Tarih, Filistin topraklarında ne kadar çok ATEŞKES ilan edildiyse, o kadar çok kez de boğulduğuna tanıklık ediyor. Asıl mesele; ateşkesin sağlanıp sağlanmadığı değil, bu narin barış çiçeğinin zulüm, güç ve siyasetin tozundan kurtulup kurtulamayacağıdır. Evvelki yıllarda olduğu gibi, bu sefer de ATEŞKES birkaç maddeye dayanıyor:
             Esir Takası, İtsrâil Terör Ordusunun Kısmi Geri Çekilmesi ve İnsani Yardım İzni.
             Bu görünüşte memnuniyet verici, ancak asıl mesele şu:
             - Bu sözlerin ardındaki niyet ne kadar samimi? Dünya güçleri bu yazıları tanıyacak mı? Ve taraflar gerçekten uygulayacak mı? Geçmişten örnekler var. Oslo Anlaşmaları imzalandı, Camp David kuruldu, ancak barış lafta kaldı.
             Gerçek şu ki; bir anlaşmanın her maddesi uluslararası alanda tanınmadığı ve uygulanması garanti altına alınmadığı sürece, anlaşma sadece kağıt üzerinde kalacaktır.
  İkinci soru ise siyasi niyetle ilgili:
  - İTsrâil hükûmeti bu anlaşmayı ciddiye alacak mı?
           Yoksa NETİNYAHU gibi siyasetçiler bunu baskılardan kurtulmanın geçici bir yolu olarak mı görecek? HAMÂS liderliği tüm grupları ortak bir noktada buluşturacak kadar güçlü mü? Yoksa GAZZE'de sahadaki onlarca silahlı grup herhangi bir emre bağlı kalmayı reddetmeye devam mı edecek?
             Bu yeni bir senaryo değil. Dünya siyaseti; “İnsan Hayatlarını, Çıkarlarını Birleştirmek İçin Bir Eğitim Alanı Olarak Kullanıyor.” FİLİSTİNLİLERİN acılarını, çocuklarının bedenlerini, annelerinin çığlıklarını yalnızca kalplerinde hâlâ insanlık hissi yaşayanlar duyuyor.

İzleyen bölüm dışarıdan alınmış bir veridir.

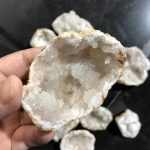 Geodo de cristal de rocha com interior cristalino, visto de perto, com várias peças ao fundo.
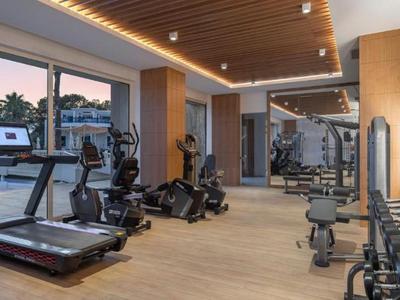 Salle de sport moderne avec tapis de course, haltères et grandes fenêtres donnant sur la piscine.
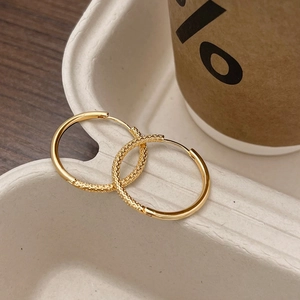 French vintage gold hoop earrings featuring unique irregular and textured surfaces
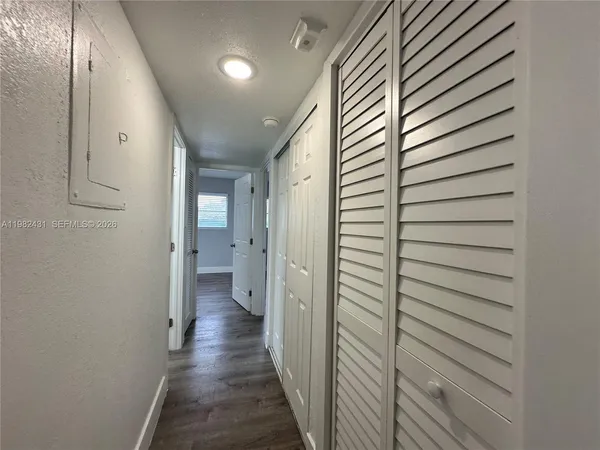 a view of a hallway with wooden floor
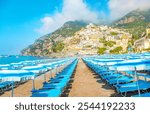 Scenic view of Positano beach on Amalfi Coast, Italy travel photo. Relaxing morning scene of most famous Italian resort and Spiaggia Grande beach.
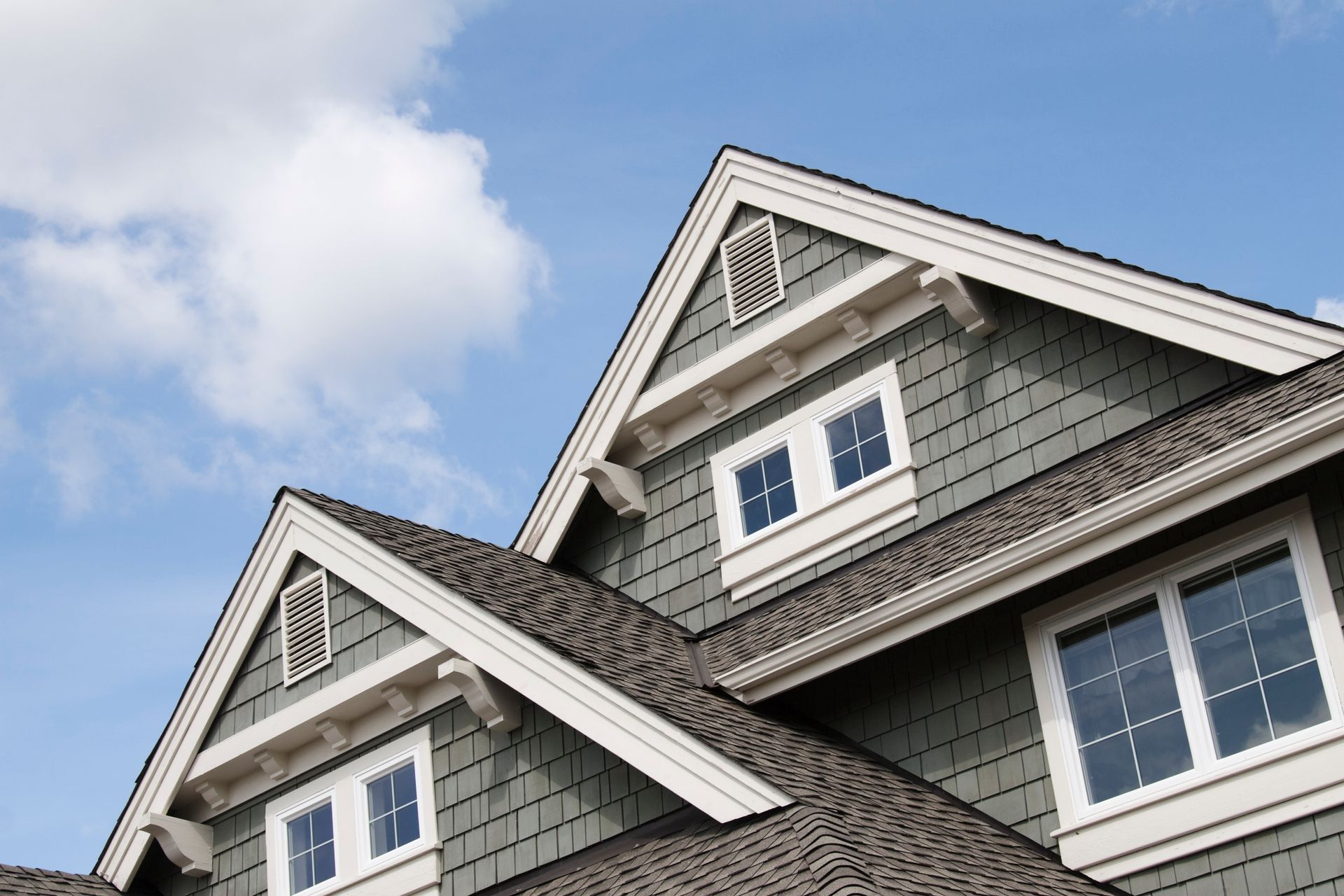 Close-up of a house exterior with dark roof, blue-green siding, white trim, and a blue sky with clouds.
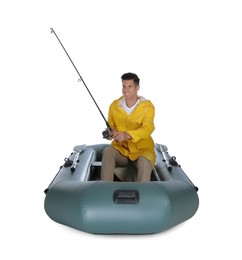 Photo of Man fishing with rod from inflatable rubber boat on white background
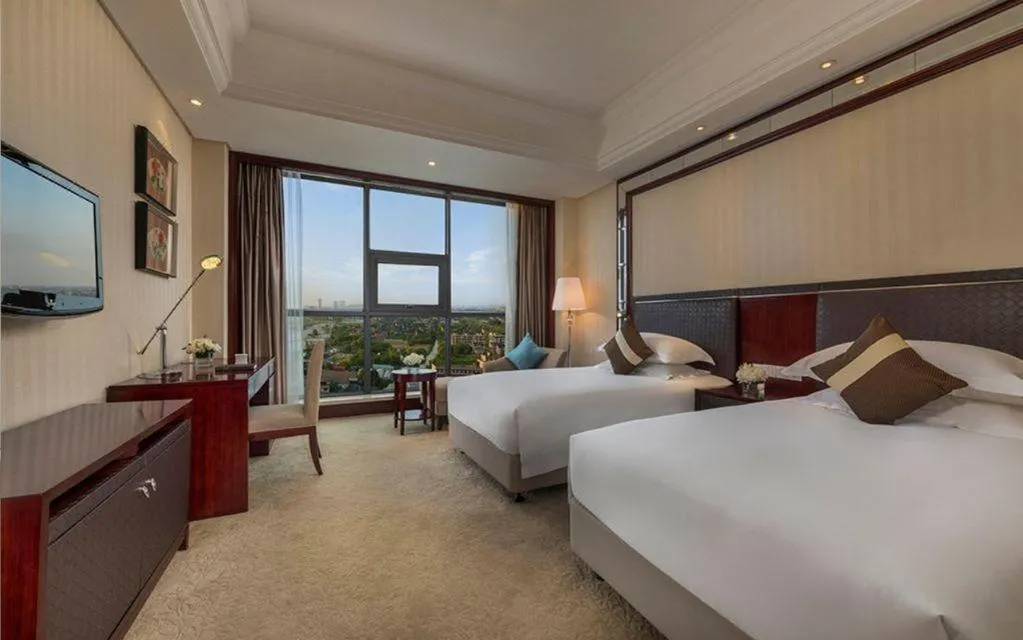 Bed in Maison New Century Hotel Cixi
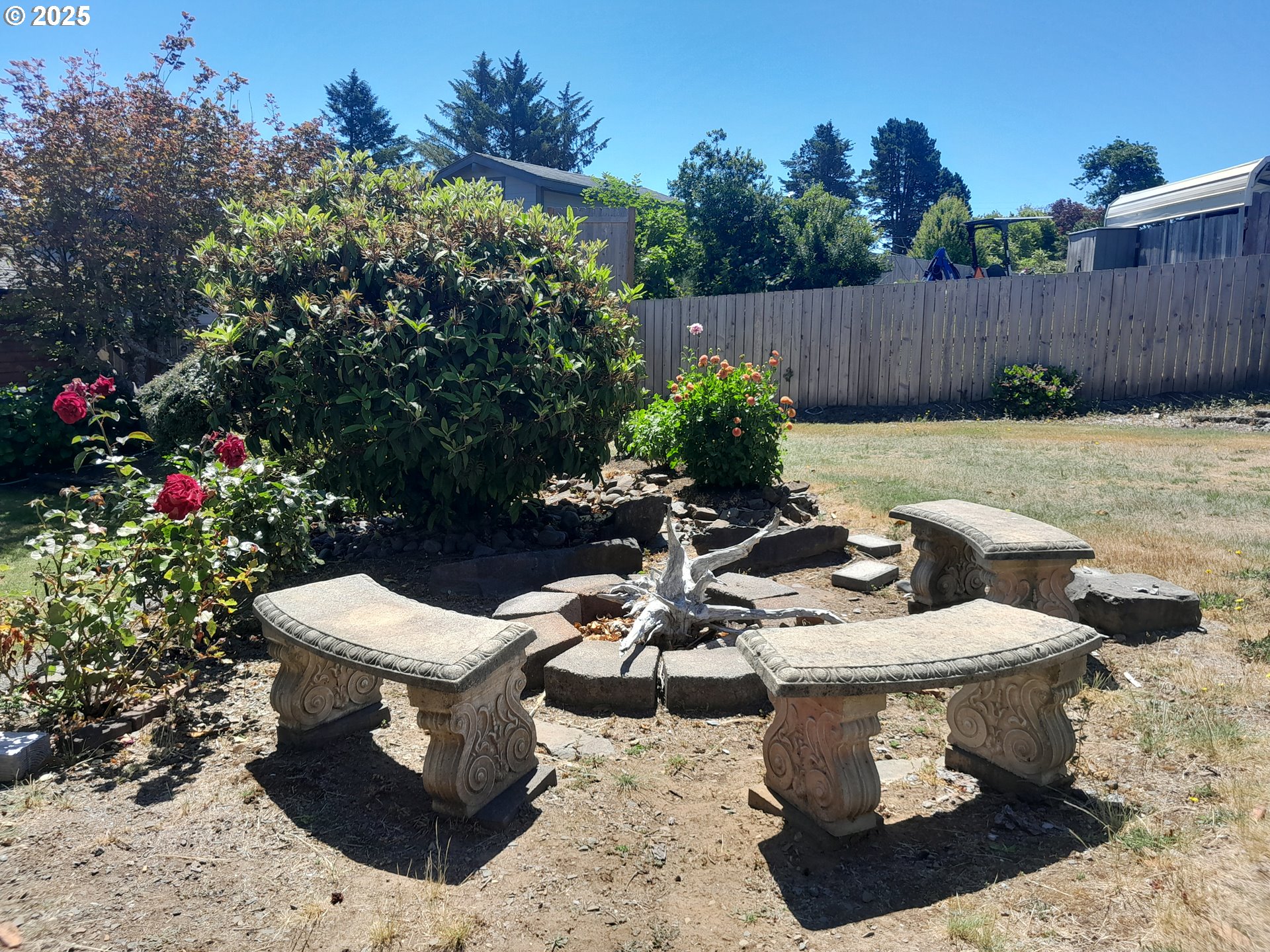 3449 Northeast West Devils Lake Road Lincoln City, OR 97367 - Photo 33 of 48 a view of a chairs and table in backyard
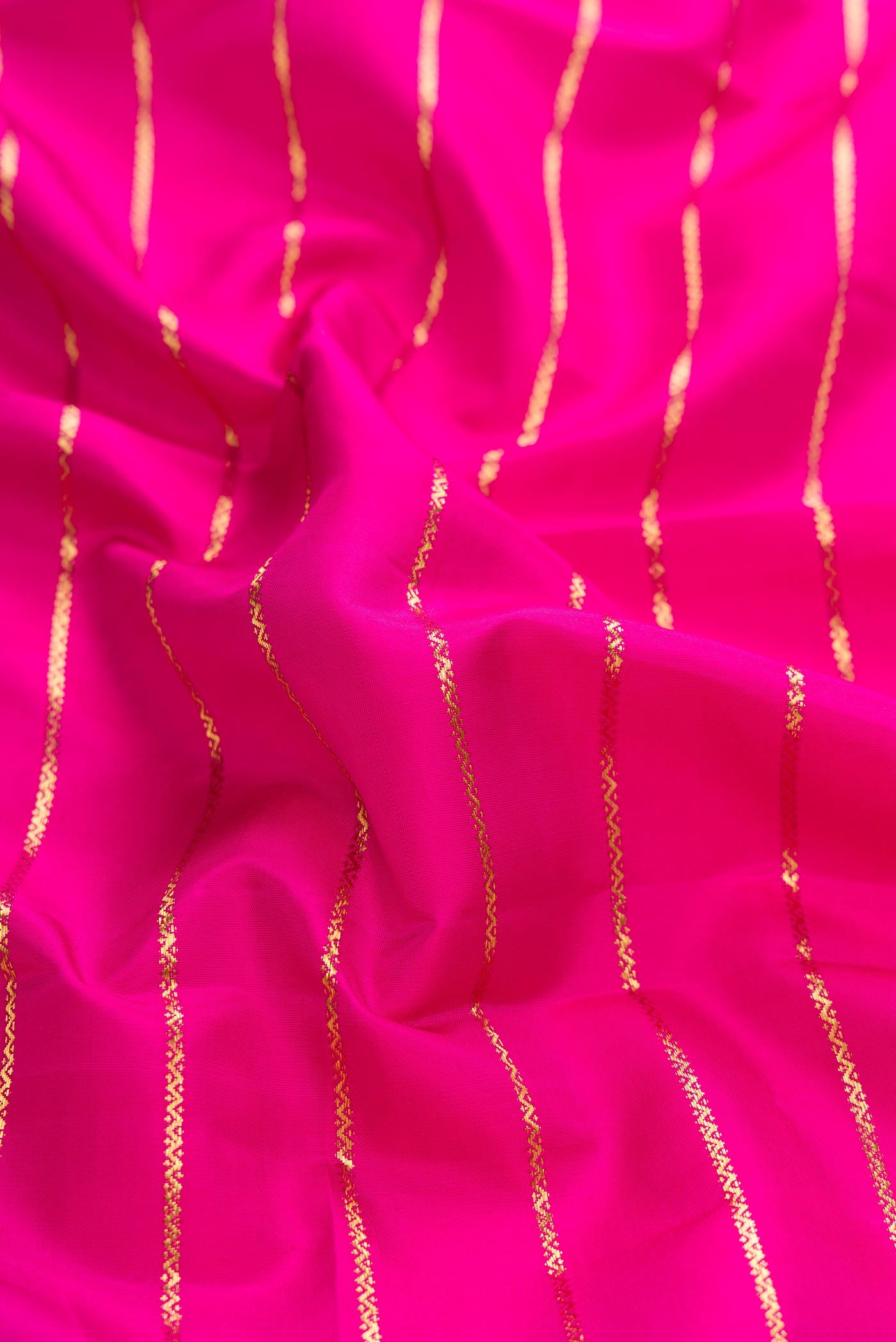 Close up of Pink Dual Tone Kanchipuram Silk Saree with Veldhari on the body and Zari Border displaying folds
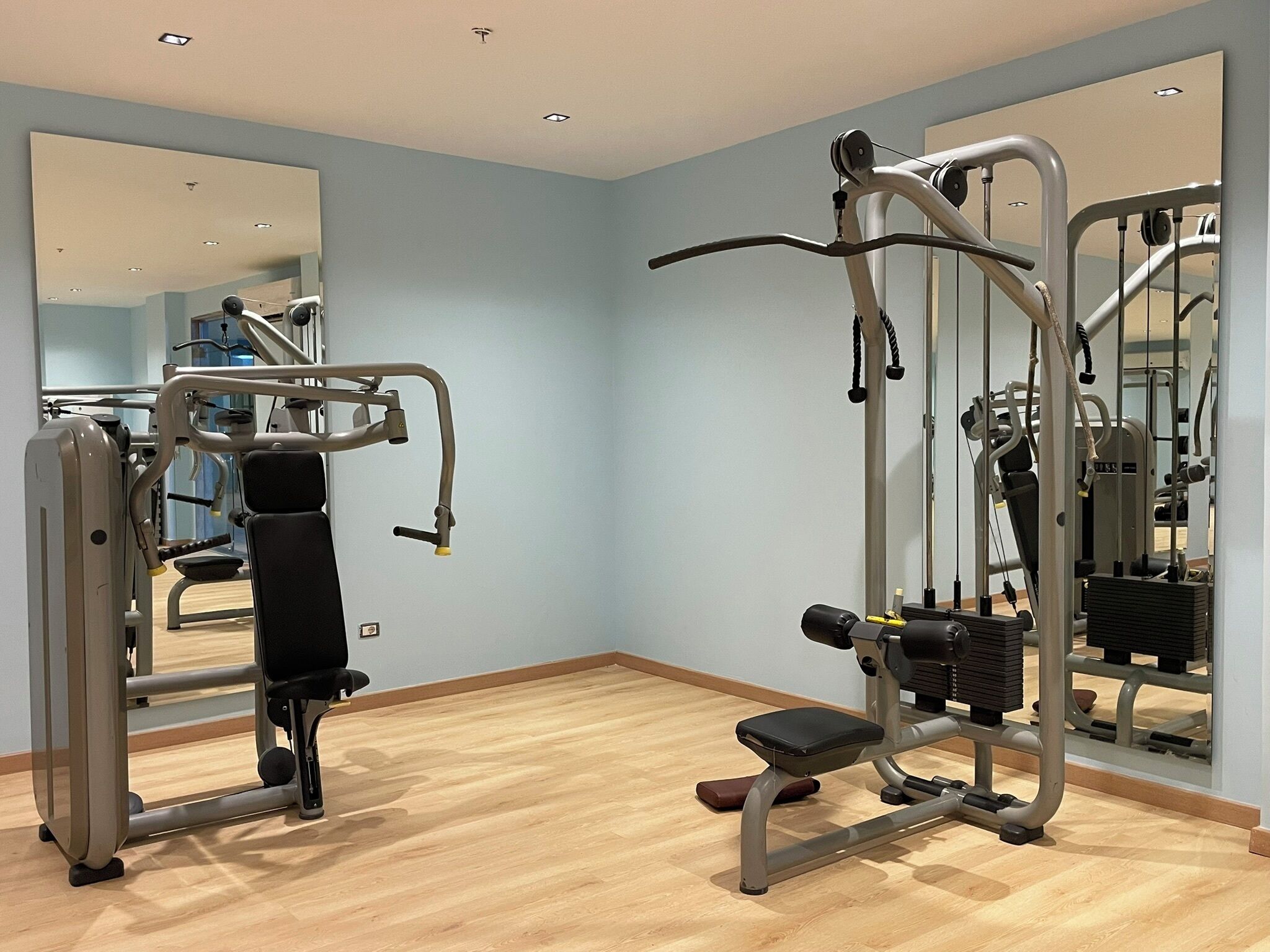 Un gimnasio con equipo de ejercicio, una banca y un espejo grande.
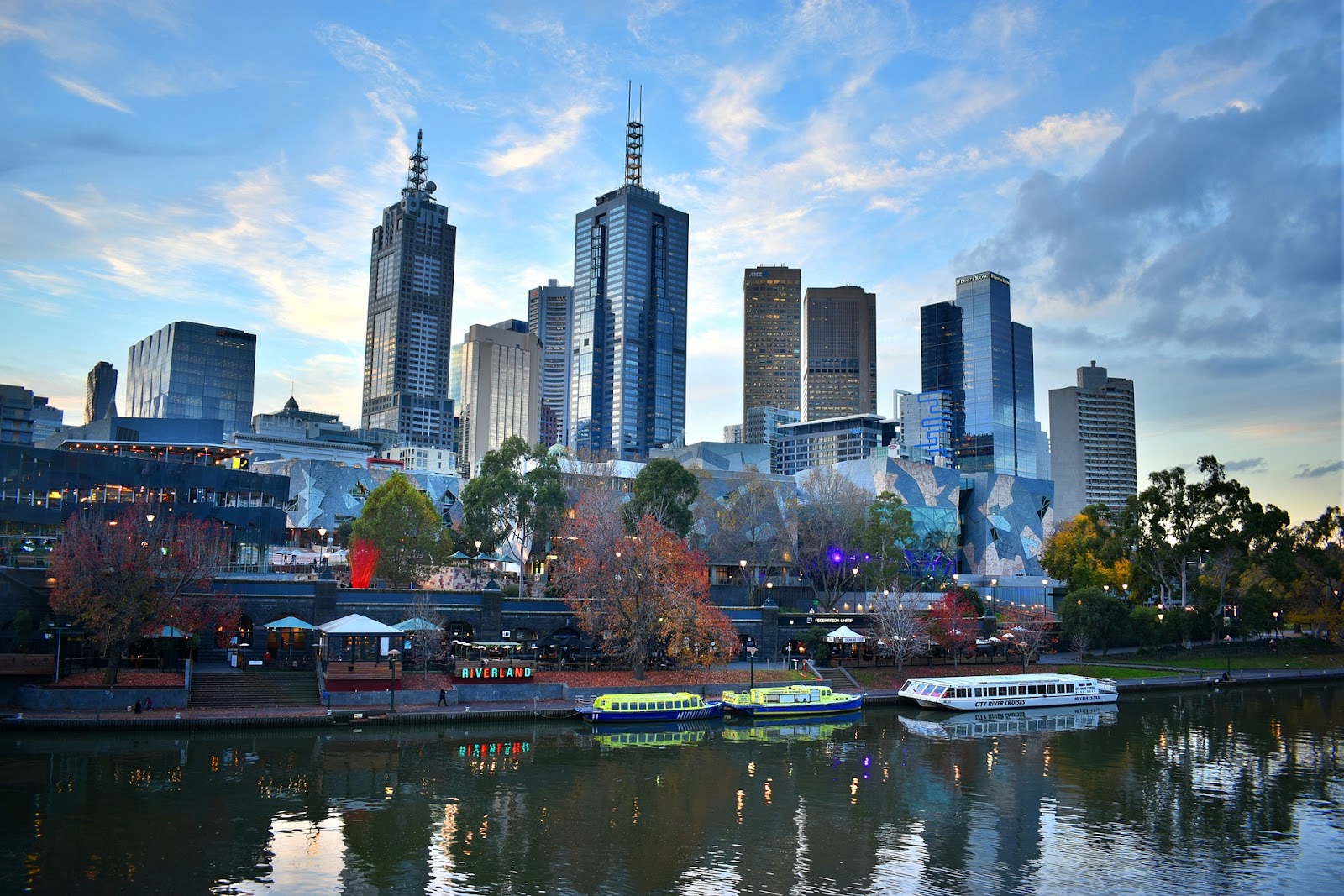 melbourne skyscrapers modern architecture and trees seen from across river with three parked boats during sunset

             Diğer herkes için bu, sadece tartışılan, üzerinde işlem yapılmayan uluslararası bir mesele. ATEŞKES gerçekten sürdürülebilirse, en büyük soru şu olacak:
  - Bunu Kim denetleyecek? Birleşmiş Milletler, proaktif bir rol oynayabileceği statüsüne geri döndü mü?
             ABD ve AB, bu barışı pekiştirmek için İTsrâil'e baskı yapmaya hazır mı? Yoksa ATEŞKES İHLALLERİNE karşı derhal harekete geçilmediği ve iki taraf da dünyanın onları desteklediğinden emin olmadığı sürece sözleri iki yönlü mü kalacak? BARIŞ, zayıf bir mum gibi rüzgarın insafına kalmış durumda.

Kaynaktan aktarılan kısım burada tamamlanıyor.